The last meeting of the day was in Khetri. Darkness had fallen by then and she was greeted by fireworks that lit up the dark sky and momentarily drowned out the excited voices that rose from the vast crowd that had gathered to listen to her. From a stage wet with rain she exhorted them once more to throw out a Government that had not been able to provide them with their most basic needs and that was now trying to ‘buy their votes’ by throwing charity at them. In the past two months the Government of Ashok Gehlot has spent a fortune on handouts like cheap food grain, housing, clothing, pensions and bicycles for the rural poor. Vasundhara urged her audience to take what was being given to them because it was their money that was being spent on this ‘khairaat’.  But, remember not to vote for Congress.

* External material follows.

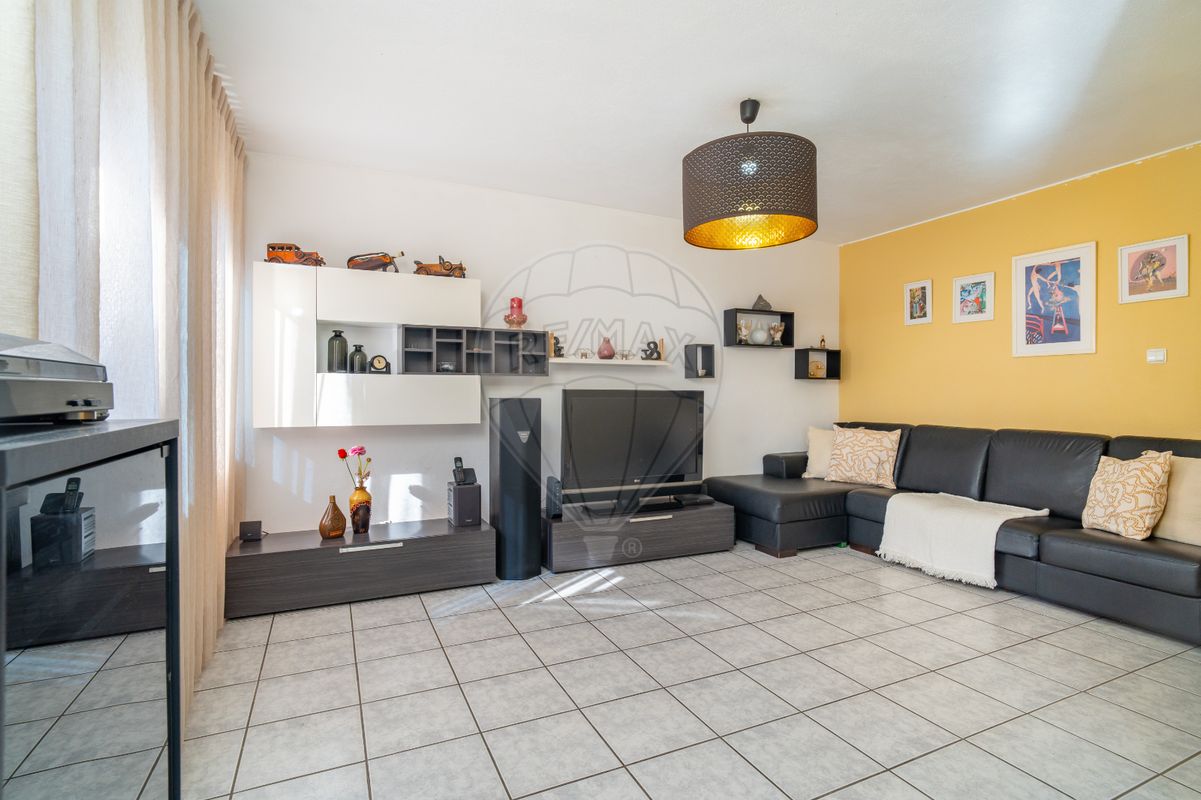 Apartamento T4 à venda em Marvila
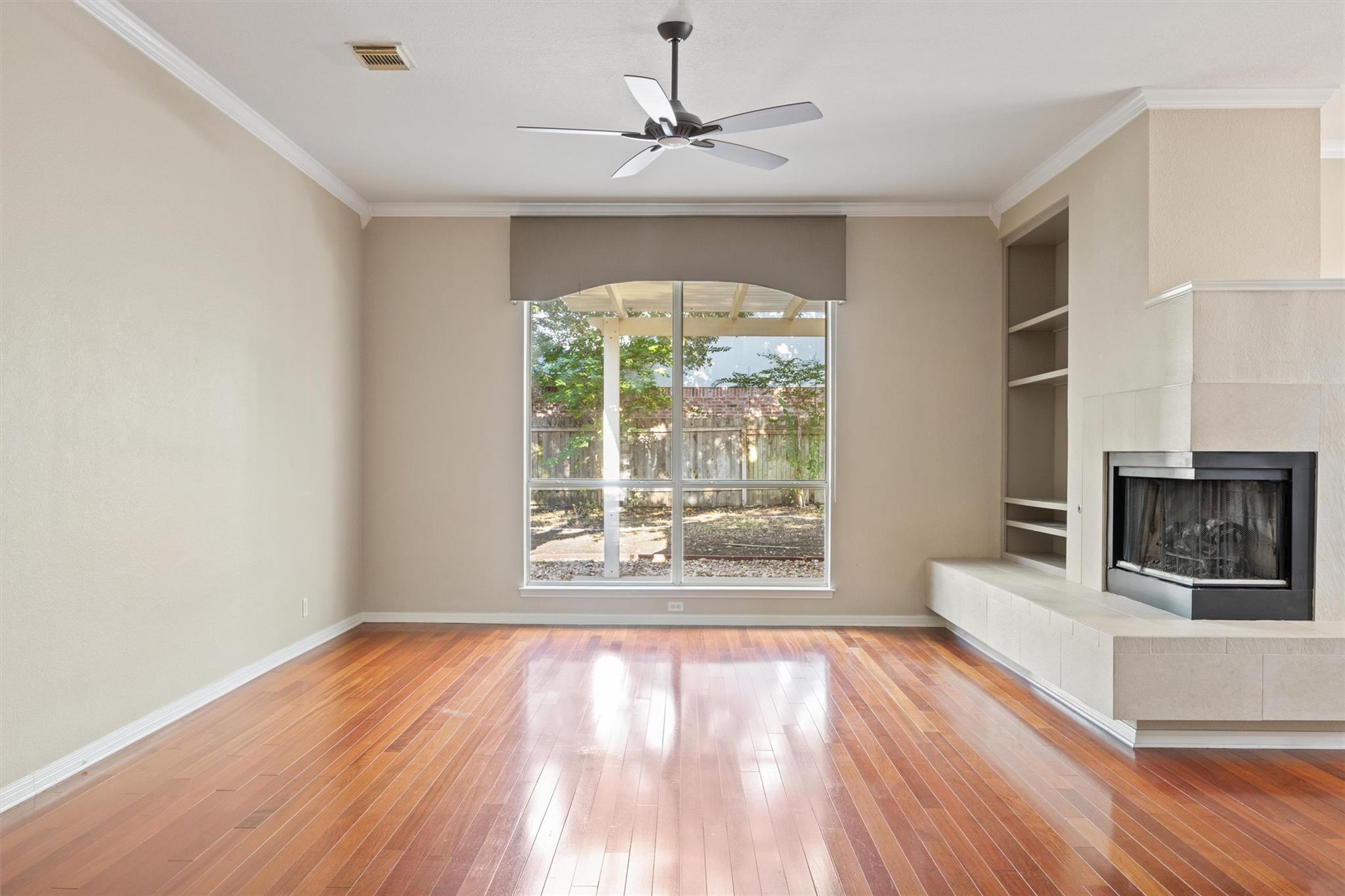 7124 Quimper Ln, Austin, TX 78749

By the end of this day on Vasundhara’s ‘yatra’ I found myself arriving at two conclusions. One that if this is the level of spontaneous anger in the people then there is little chance of the Congress Party winning Rajasthan in November. And, two that there seems to be a real hunger in the people for a strong lead at the top and this is translating already into a demand for Narendra Modi to become Prime Minister. But, I will tell you more about it in this space next week when I write about my own ‘yatra’ through the villages of Rajasthan.
There are things about India that only become evident when you travel outside the environs of cities like New Delhi and Mumbai. Such very important things that it should be compulsory for our elected representatives to go on regular, monthly travels of the ‘yatra’ kind through their constituencies.